Her Story
About Jenny
Jenny VanMarter, BA, MFA, AIRTP, is an AI Red Teaming Specialist with a focus on AI Safety, Ad Policy, governance design, and structured risk evaluation for large-scale AI systems. With approximately a year and a half of experience in the AI field, she specializes in adversarial testing, policy enforcement analysis, and identifying gaps between intended safeguards and real-world system behavior. In her current role, she conducts structured red teaming of AI models, evaluating system responses under both standard and adversarial conditions. Her work centers on translating these findings into actionable insights that strengthen safety frameworks, improve policy alignment, and support more resilient AI systems at scale.

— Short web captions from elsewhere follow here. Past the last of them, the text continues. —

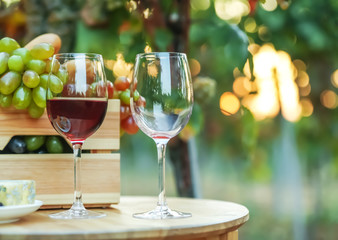 Wineglasses and crate with grapes on wooden table in vineyard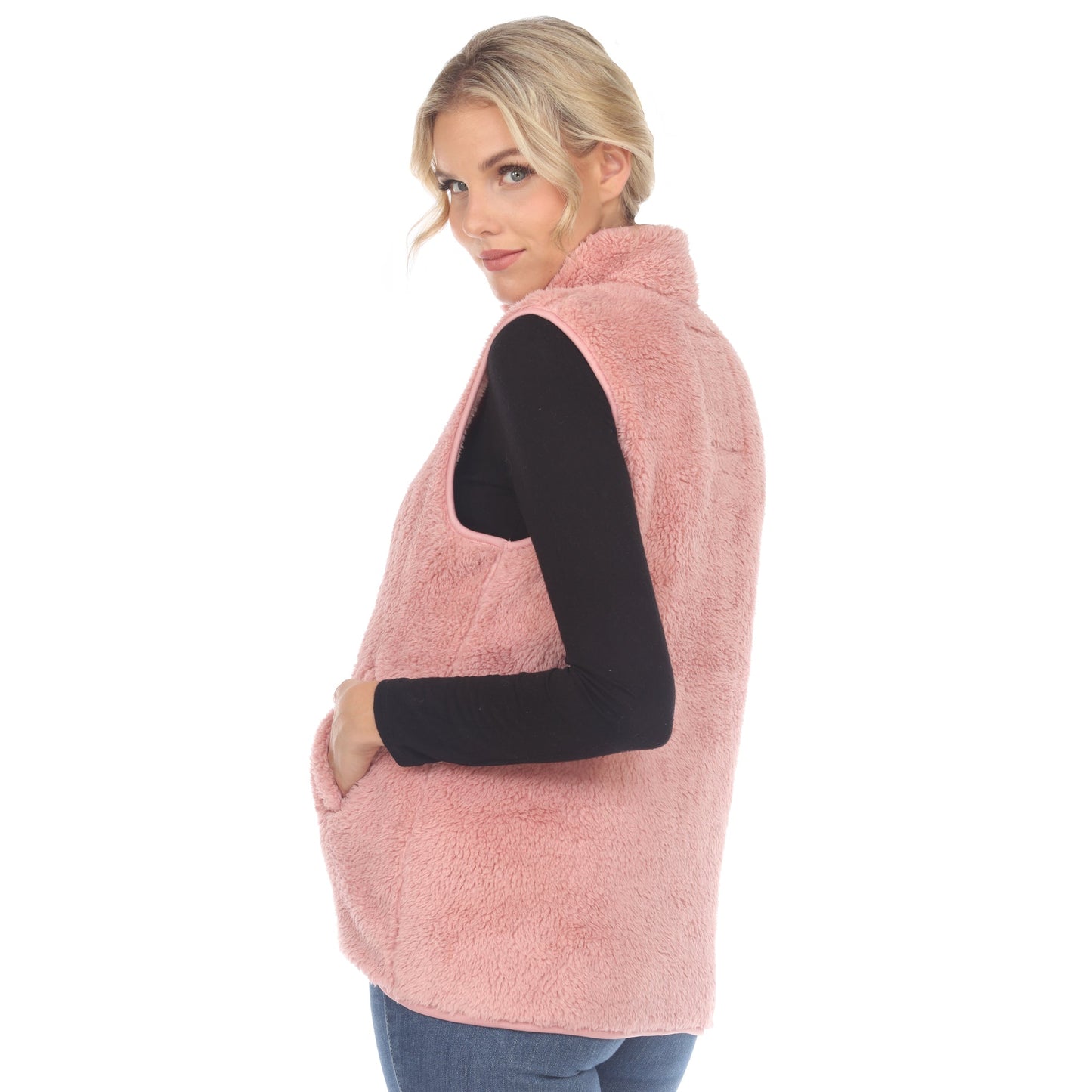 Women's Zip up sherpa vest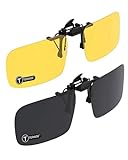 TERAISE Clip auf Sonnenbrille, 2er Pack/Tag + Nachtsicht Männer/Frauen UV400 Flip-Up polarisierte Sonnenbrille, Bequeme und sichere Pa
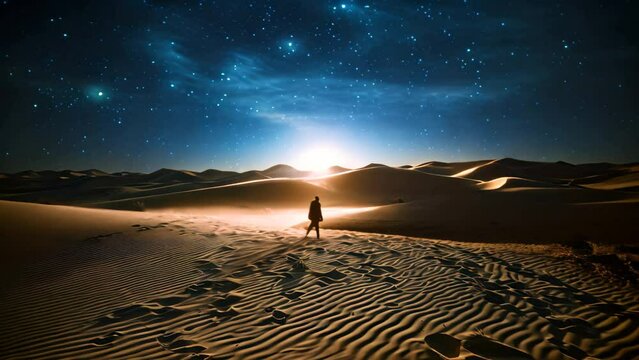 A lone figure stands in the middle of the desert, illuminated by the night sky, An Arabian desert under a starlit night sky, AI Generated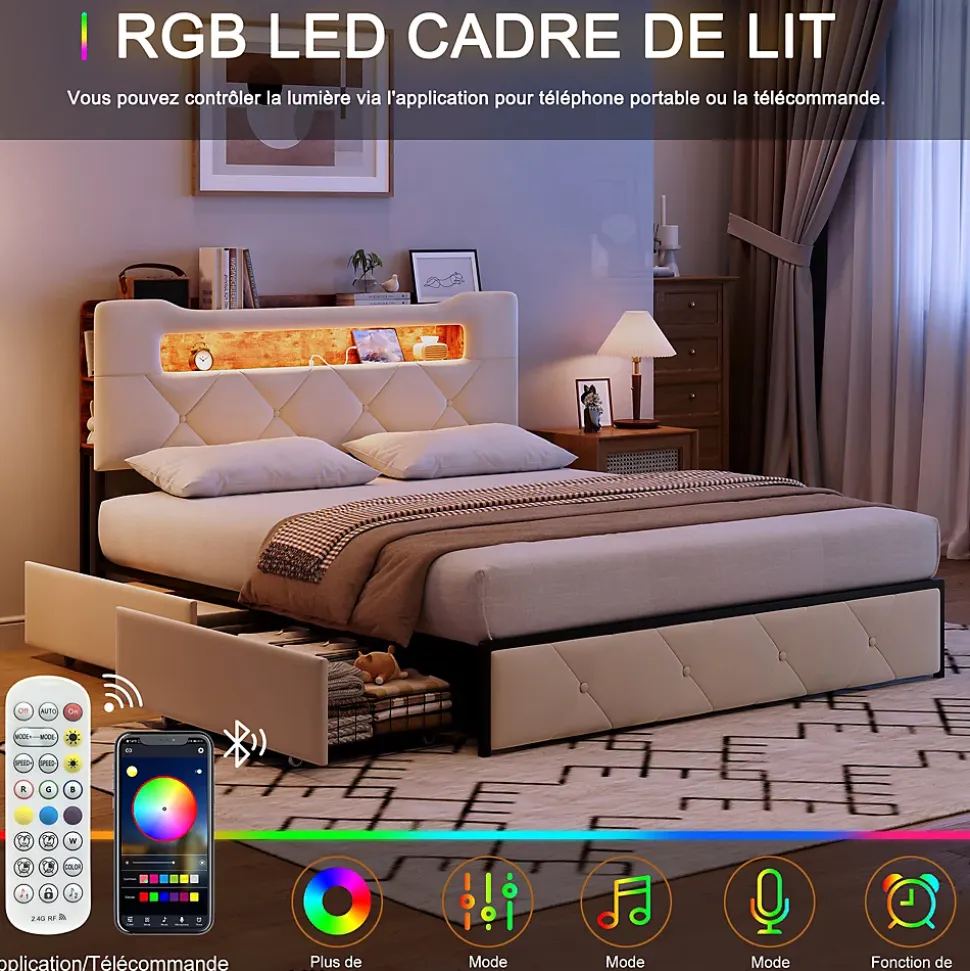 Lit double, 140x190 cm, avec 4 tiroirs, lumière LED et port USB, tête de lit en velours, beige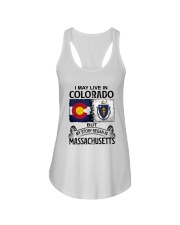 LIVE IN COLORADO BEGAN IN MASSACHUSETTS Ladies Flowy Tank tile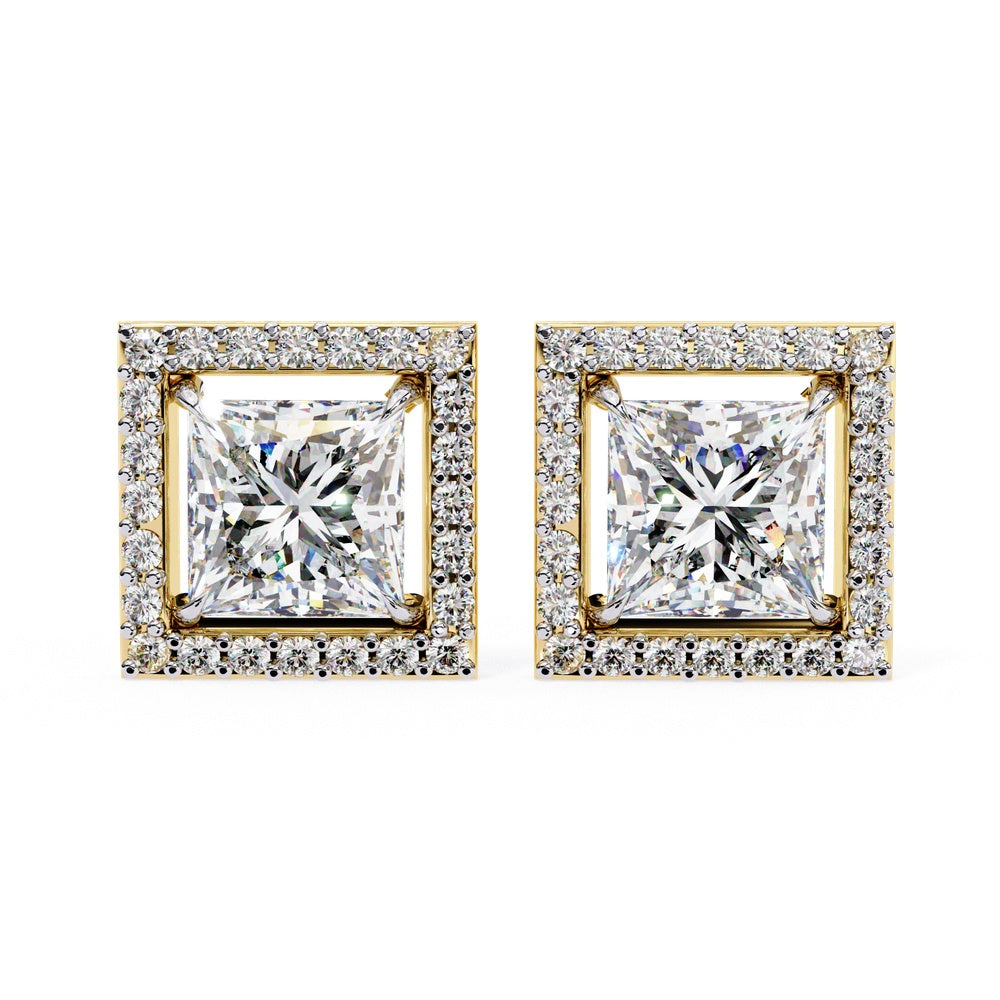 Princess Cut and Halo Solitaire Stud Earrings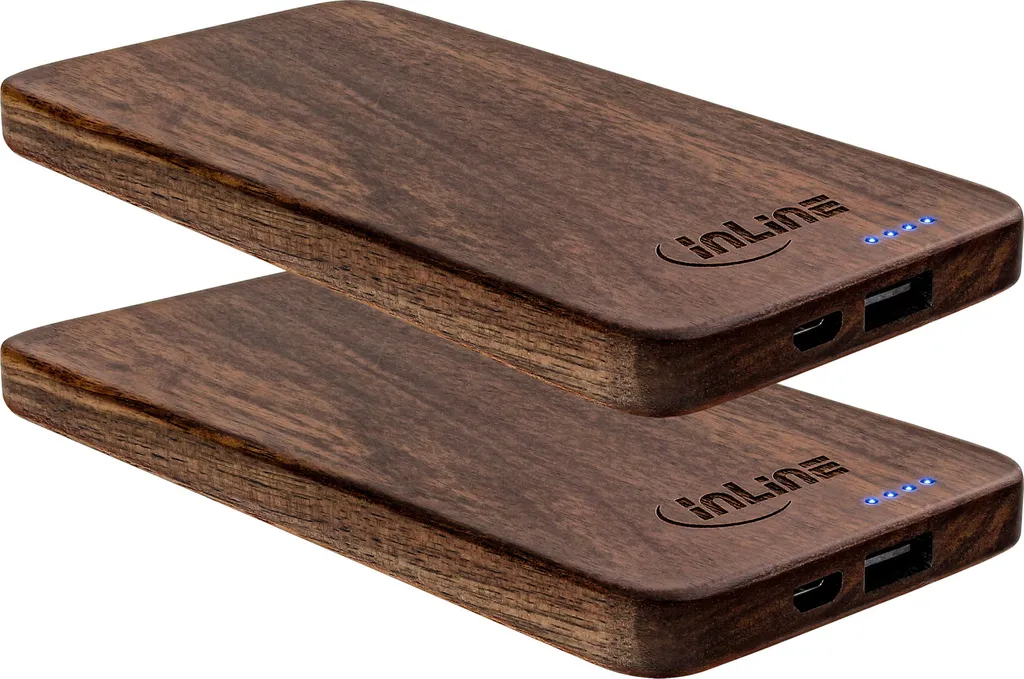 Batterie externe USB 5000mAh bois pour charger votre mobile avec style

Prior to entering the AI industry, Jenny built a foundation in IT and SaaS environments, working across enterprise systems, technical operations, and user-facing support functions. This experience provided a practical understanding of how complex systems behave in production, including how failures emerge, propagate, and affect end users. It also shaped her systems-level approach to AI safety, where she applies structured analysis to identify edge cases, anticipate misuse patterns, and evaluate risk beyond theoretical documentation. Her ability to connect technical behavior with operational impact remains central to her work in red teaming and governance.
Jenny’s strength lies in bridging technical, legal, and policy domains into clear, actionable frameworks that can be applied across multidisciplinary teams. With a background in technical writing, she excels at translating complex system behavior into precise policy language that is usable by engineers, compliance teams, and leadership stakeholders alike. Outside of her professional work, she is a mother of three and actively engaged in AI research as both a professional focus and personal intellectual pursuit. She is currently preparing to publish her work, contributing to ongoing discussions in AI safety, governance, and responsible system design.
Her Interview
Ten minutes with Jenny
01What do you attribute your success to?
My successes are entirely based on my willingness to fight for what I believe in, and finding the right opportunities and the right people. It comes down to choosing to trust that I could make the right decision, even when I didn't necessarily feel like I had all the information I wanted. But being able to trust that I knew a person well enough to know that it was the right choice for me has been key to everything I've accomplished.
02What’s the best career advice you’ve ever received?
The best career advice I ever received was to trust my instincts, to know when I see what the right choice is, and to follow that, even if it's the hard way. It's about being able to recognize the right path and having the courage to take it, even when it's difficult.
03What advice would you give to young women entering your industry?
Don't be afraid. Things always look harder on our side of the fence. IT is dominated by men, and it can sometimes be intimidating, feeling like you're out on an island all by yourself. But being willing to do the hard thing, stick your neck out, and ask the hard questions, do the hard work, and they will let you stand toe-to-toe with them. Know what you're worth, and don't be afraid to show it.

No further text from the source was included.